Speculative Reflexive

Noam Youngrak Son
Noam Youngrak Son
Meii Soh
Meii Soh
Elif Cadoux
Elif Cadoux

Curated by

May 2, 2025

-

May 21, 2025

Speculative Reflexive

Curated by Thamyres VM

With works by Noam Youngrak Son, Meii Soh, and Elif Cadoux

May 2– May 21, 2025

Opening Reception: Friday, May 2, 6-8pm

NARS Main Gallery

NARS Foundation is pleased to present Speculative Reflexive, a group exhibition curated by Thamyres VM, featuring works by Noam Youngrak Son, Meii Soh, and Elif Cadoux.

What if speculation could speculate upon itself? Speculative Reflex brings together works by Noam Youngrak Son, Meii Soh, and Elif Cadoux to explore technologies, fictions, and feelings that blur the line between reality and futurity. The exhibition opens space for shared dreaming, critical reflection, and nonhuman alliances. By turning speculation inward, it deepens and weaves together theoretical frameworks, symbolic references, and aesthetic gestures that trace—and retrace—the very notion of speculation.

Public Programs:

Friday, May 2 2025

6:30 PM - Video Performance
Taiz: WebCome Greetings
12 min 22 sec
Taiz, born under hyper-surveillance grounds, fractured identities, and the relentless velocity of TikTok, longs to defy the limits imposed on her identity. She welcomes you to the show in her own way.
Performed by Meii Soh

7:00 PM - Performance
FEELERS
In a duet of extrasensorial contact, the performers move to the choreographies and possibilities present in Cadoux’s sculptural works Pheroform and pheroline.

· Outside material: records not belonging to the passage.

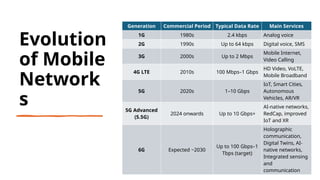 Evolution
of Mobile
Network
s
Generation Commercial Period Typical Data Rate Main Services
1G 1980s 2.4 kbps Analog voice
2G 1990s Up to 64 kbps Digital voice, SMS
3G 2000s Up to 2 Mbps
Mobile Internet,
Video Calling
4G LTE 2010s 100 Mbps–1 Gbps
HD Video, VoLTE,
Mobile Broadband
5G 2020s 1–10 Gbps
IoT, Smart Cities,
Autonomous
Vehicles, AR/VR
5G Advanced
(5.5G)
2024 onwards Up to 10 Gbps+
AI-native networks,
RedCap, improved
IoT and XR
6G Expected ~2030
Up to 100 Gbps–1
Tbps (target)
Holographic
communication,
Digital Twins, AI-
native networks,
Integrated sensing
and
communication
 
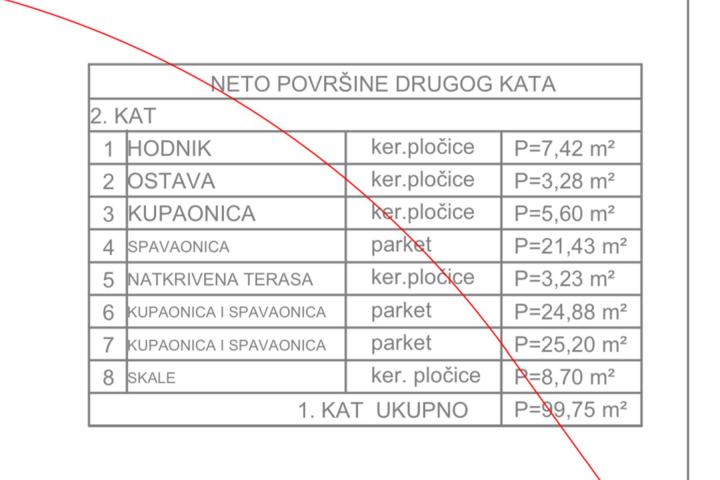 Hvar, Sv. Neđelja, atraktivno građevno zemljište površine 455 m2, udaljeno 75 m od mora. 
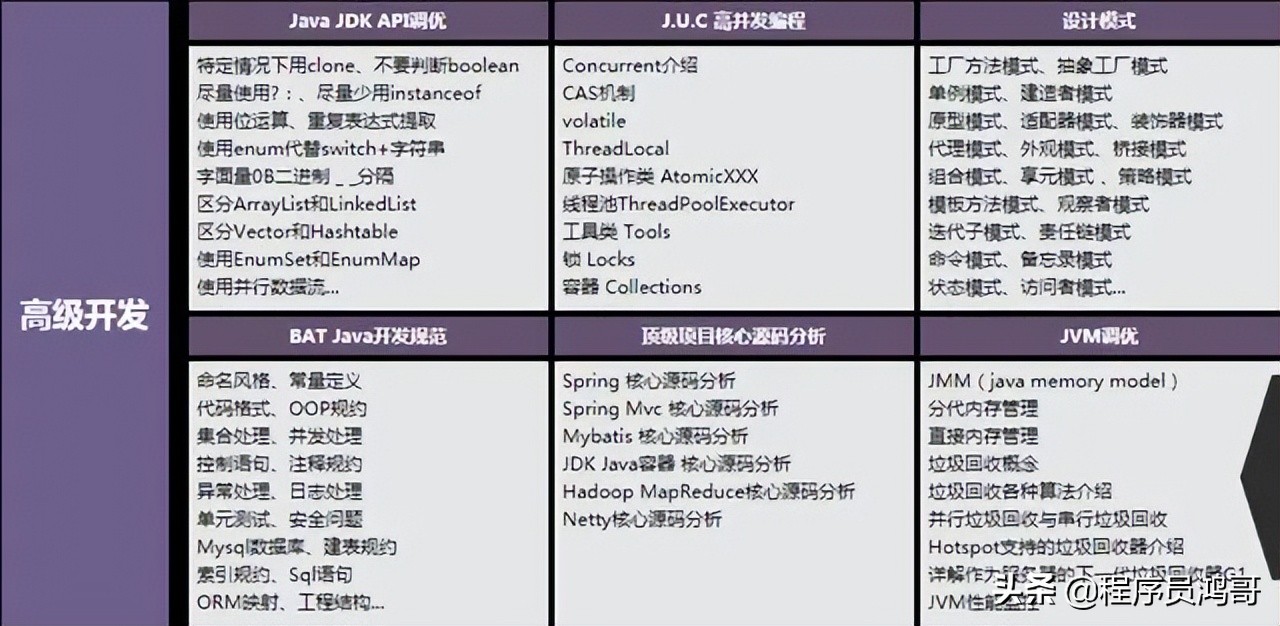 Java开发，就是对着原型CRUD？年限上去了，就是高级开发？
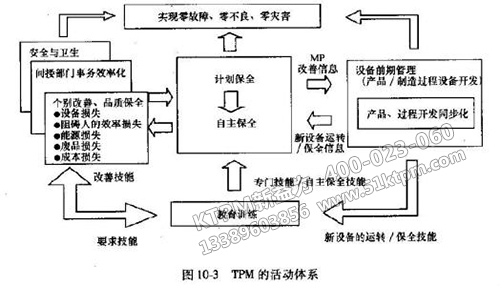 TPM活動體系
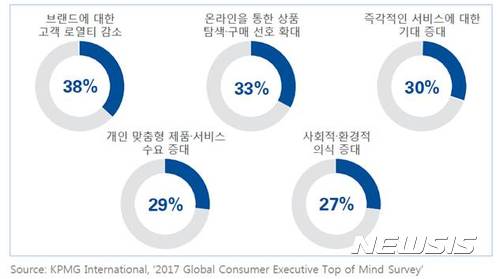글로벌 유통·소비재 기업 고객 신뢰 확보 가장 중요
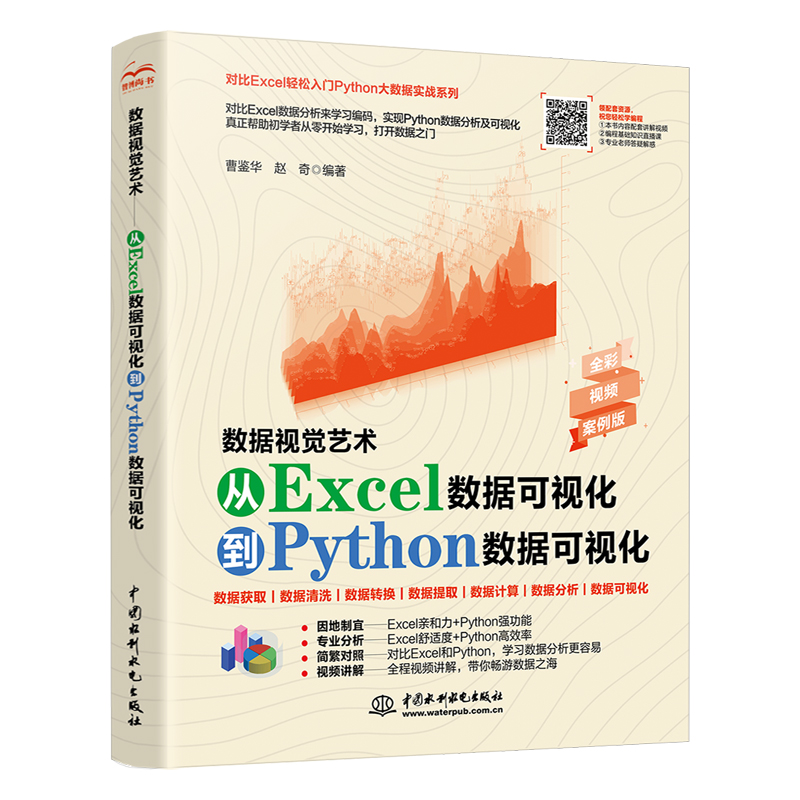 <b>數(shù)據(jù)視覺藝術(shù)——從Excel數(shù)據(jù)可視化到P</b>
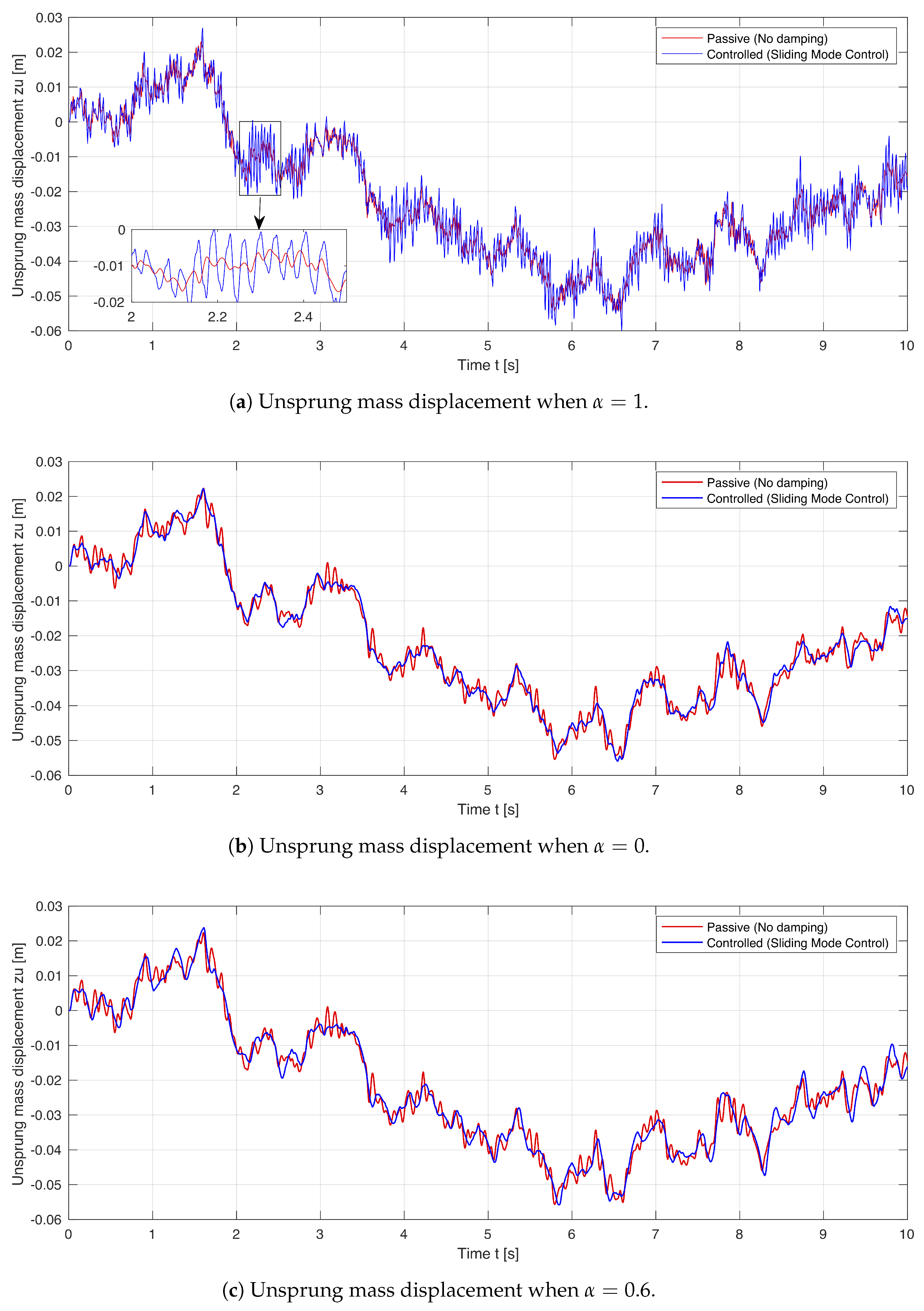 Symmetry 12 01286 g010 Symmetry 12 01286 g010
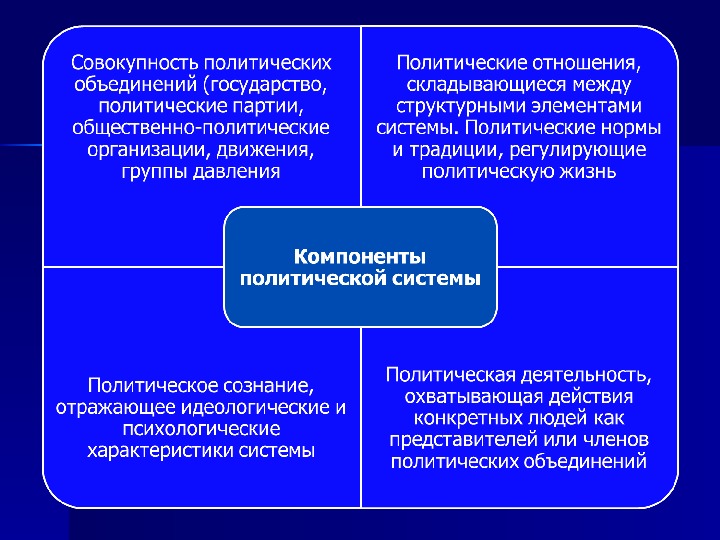 Элементы политической карты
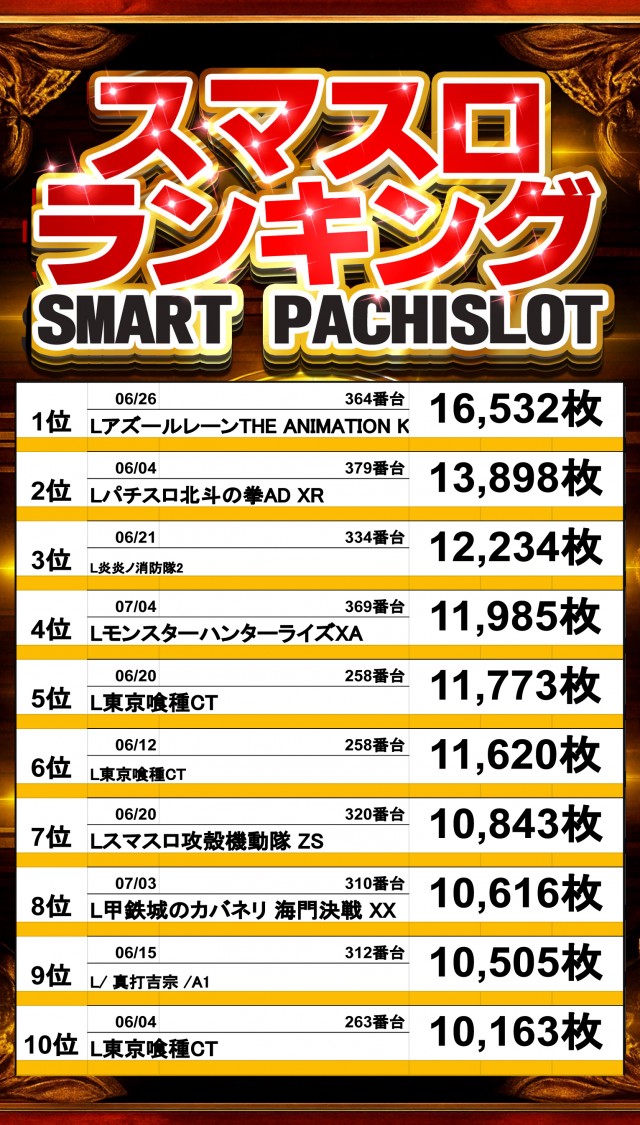 アムズガーデン石巻店の最新情報画像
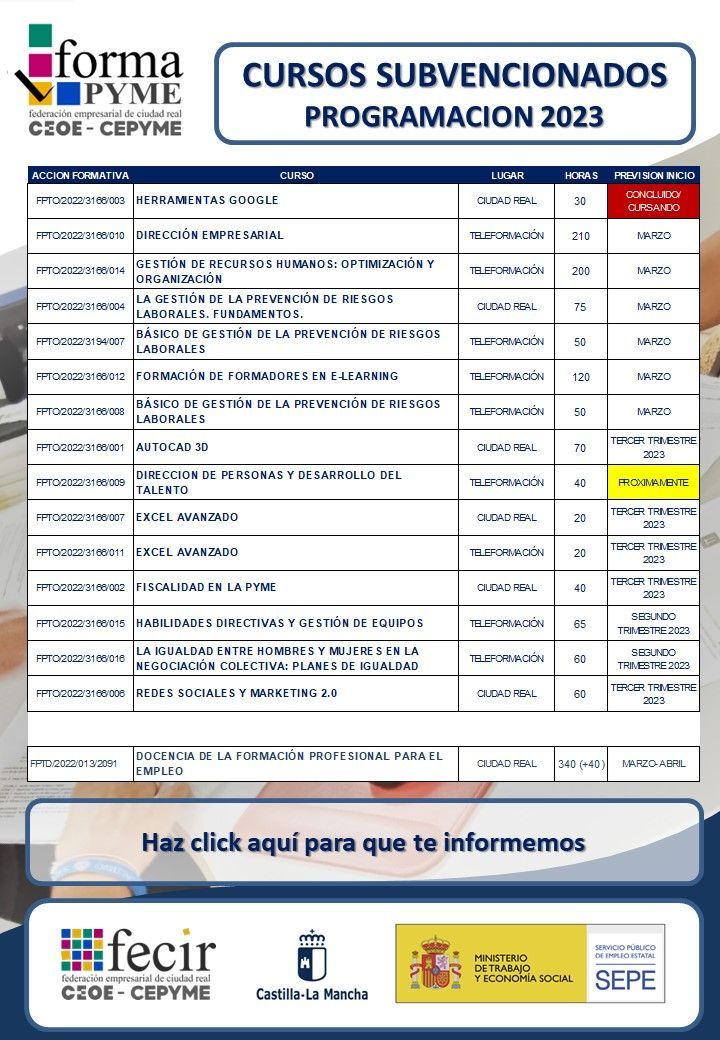 OFERTA ACCIONES FORMATIVAS 2023
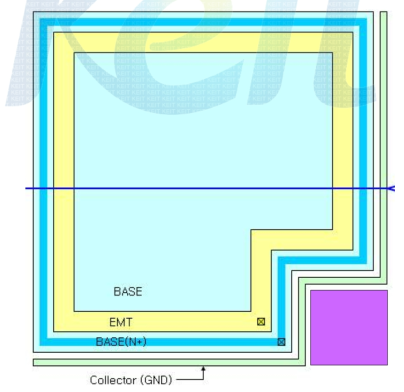 TYPE2 pixel layout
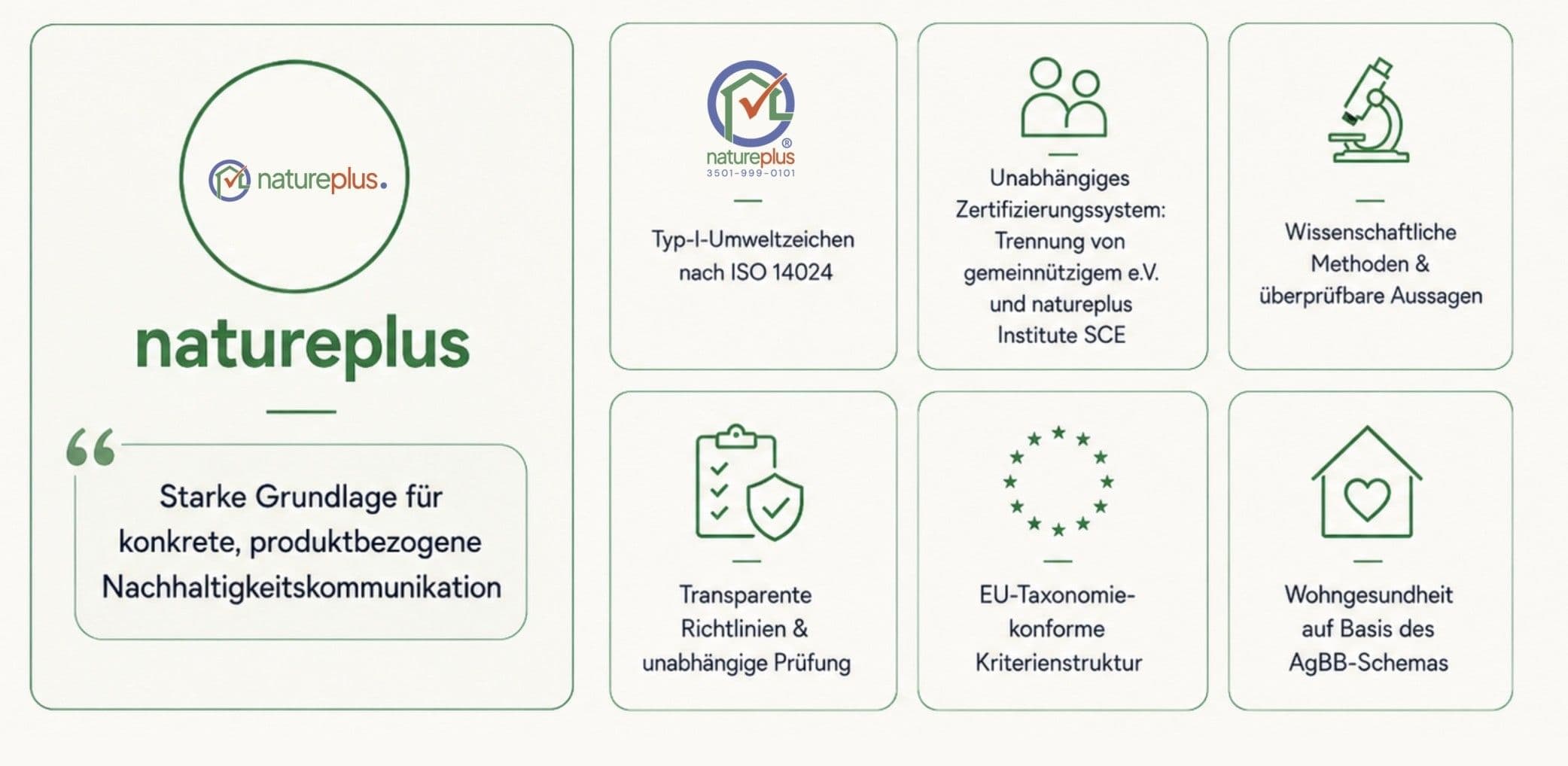 natureplus als Grundlage für Nachhaltigkeits-Claims, Quelle: natureplus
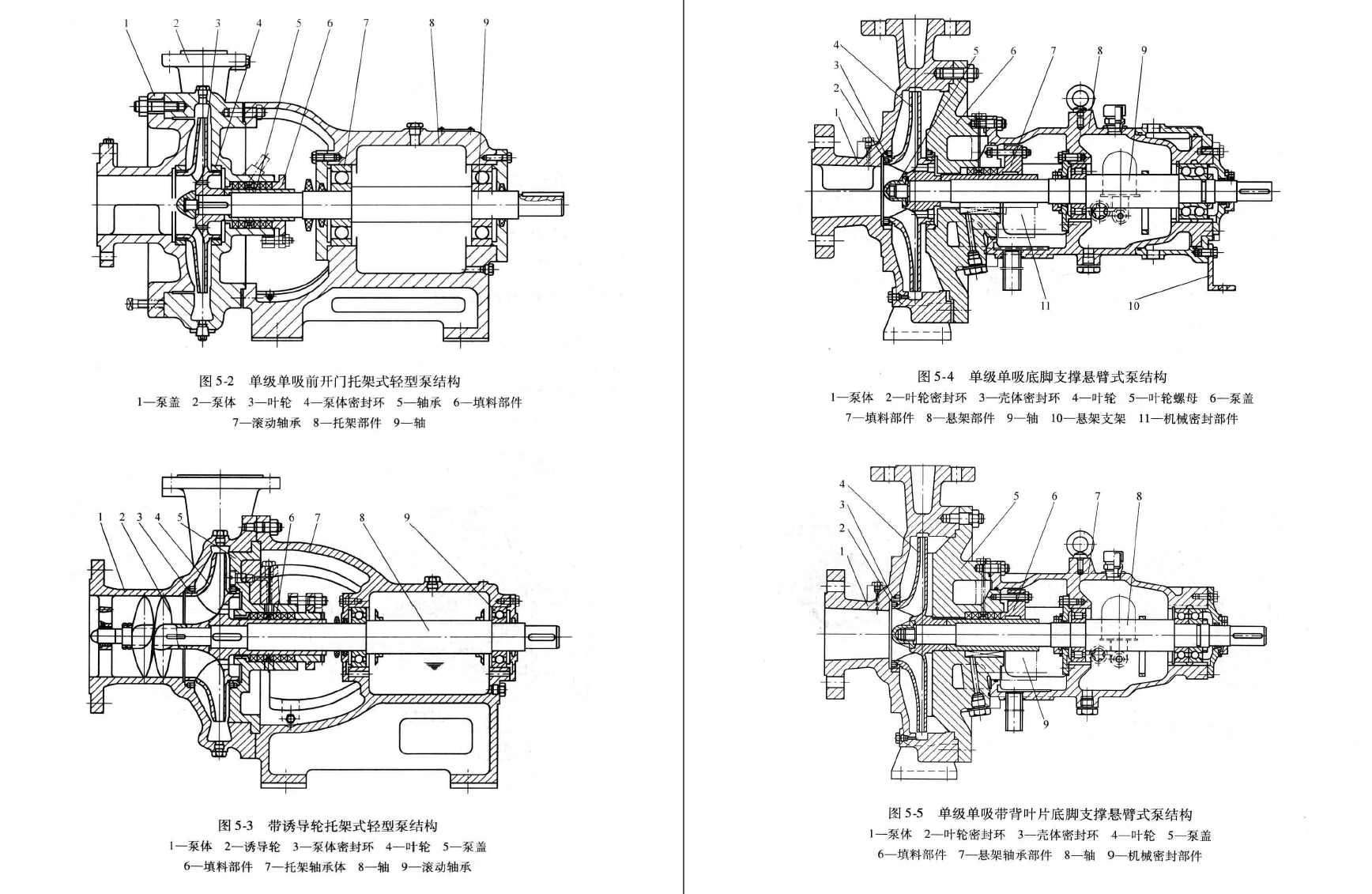 《离心泵设计实用技术》PDF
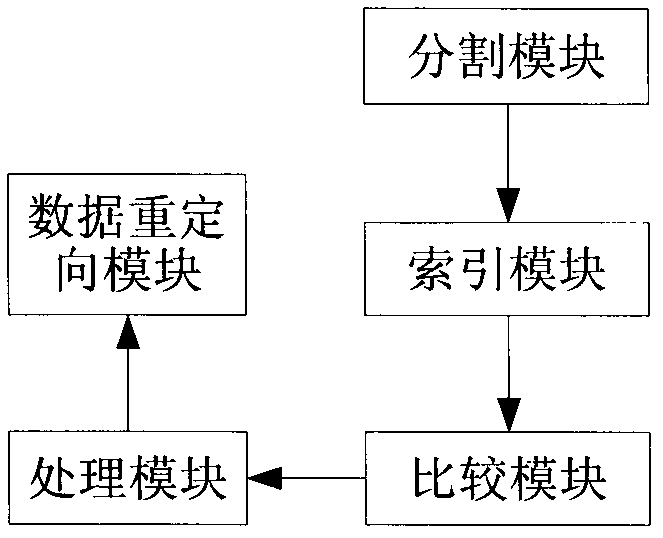 Data storage method and system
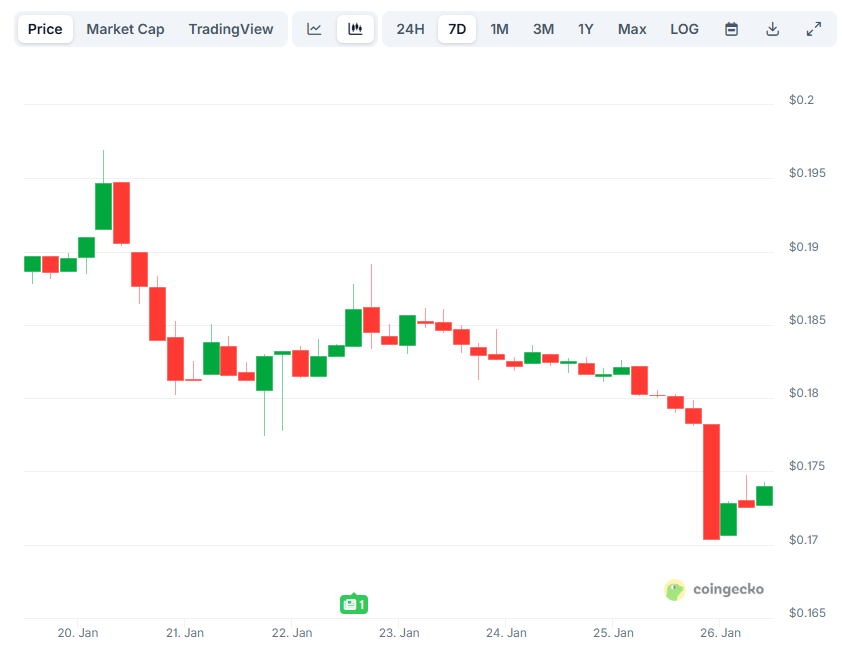 Pi Network (PI) Hits New Low: Is More Decline Imminent?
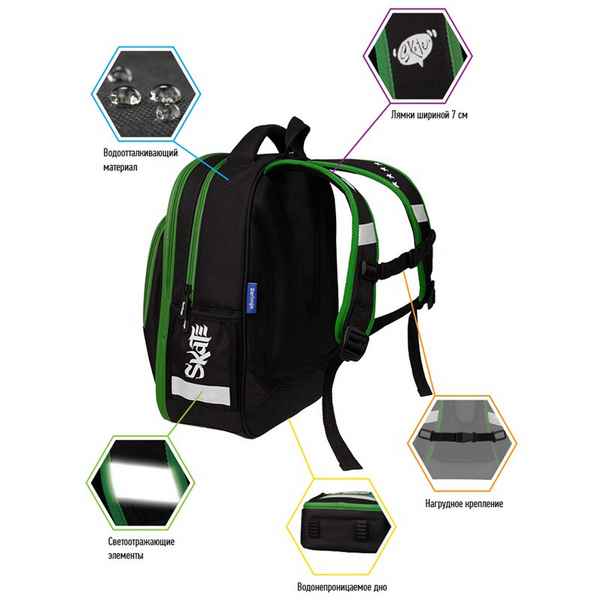 Ранец Berlingo облегченный Flash "Street"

What can you feel without touching, notice without noting?
Performed by Bel McLaughlin and Elif Cadoux


Wednesday, May 21st 2025

6:00 PM - Video Performance
From Ontological Modeling to Diagrammatic Science Fiction
In this tutorial, design theorist Noam Youngrak Son introduces their step-by-step method of fiction writing. They demonstrate how a simple ontological model can fabulate itself into a complex, non-linear, rhizomatic narrative. The process ultimately results in adiagrammatic science fiction: a map of relations not guided by a singular protagonist.
Performed by Noam Youngrak Son 

6:45 PM - Conversation
which future?
Oscar Salguero, critical designer behind Interspecies Library,and Meghana Karnik, curator and exhibitions director at Flux Factory, will join the conversation to unpack the artworks and delve into the core themes of the show.
*Oscar Salguero’s Interspecies Library will be on view at the closing, May 21st, from 6-8PM. 

About the curator:

Thamyres VM (Brazil, 1987) is a curator and cultural manager based between São Paulo and Barcelona. With a background in art, cinema, and cultural studies, her practice emerges from critical ways of engaging with locations, often manifesting as site-oriented interventions, exhibitions, and practices deeply embedded in social engagement. She holds a BA in Cinema (FAAP - São Paulo), an MA in Cultural Industry (Goldsmiths - London), and a CAS in Curating (ZHdK - Zürich). Currently, she is completing an MA in Art Praxis at the Dutch Art Institute. Traversing various curatorial formats, Thamyres crafts spaces that invite reflection, interaction, and a deeper understanding of the contexts being activated. From 2016-2020, she was the artistic director of VALONGO, a self organised contemporary art festival dedicated to unveiling the diverse narratives shaping visual culture in Brazil. Most recently, she has developed and curated special projects for foodculture days (Vevey, 2022-24) and was part of the curatorial team of Manifesta 15 (Barcelona, 2024).

About the artists:

Noam Youngrak Son is a communication designer, design theorist, and cultural worker. Their design work encompasses small-scale publishing projects, speculative worldbuilding, workshops, lectures, writing, net art, and occasional performative interventions. Son has expanded their focus from design to theory in order to critically engage with the ontology of the design industry, media, and broader material culture. This turn is informed by their observations of cultural assemblages that echo the extractive operations of capitalism on racialized and more-than-human populations. They are particularly attentive to the interconnected notions of speculation—both as an open artistic approach and as a process of value increase in capitalism. They research the tendency of the former in design to be subjugated by the latter and explore alternative methods for speculative design practices to realize their transindividual potential through collective organization and workshop facilitation. In this process, Son utilizes queer publishing as a technology for mobilizing attention beyond the financialized “scarce resource” of the attention economy. In this context, publishing extends beyond mere printed matter to encompass the maintenance of communities and the cultivation of interspecies relationships.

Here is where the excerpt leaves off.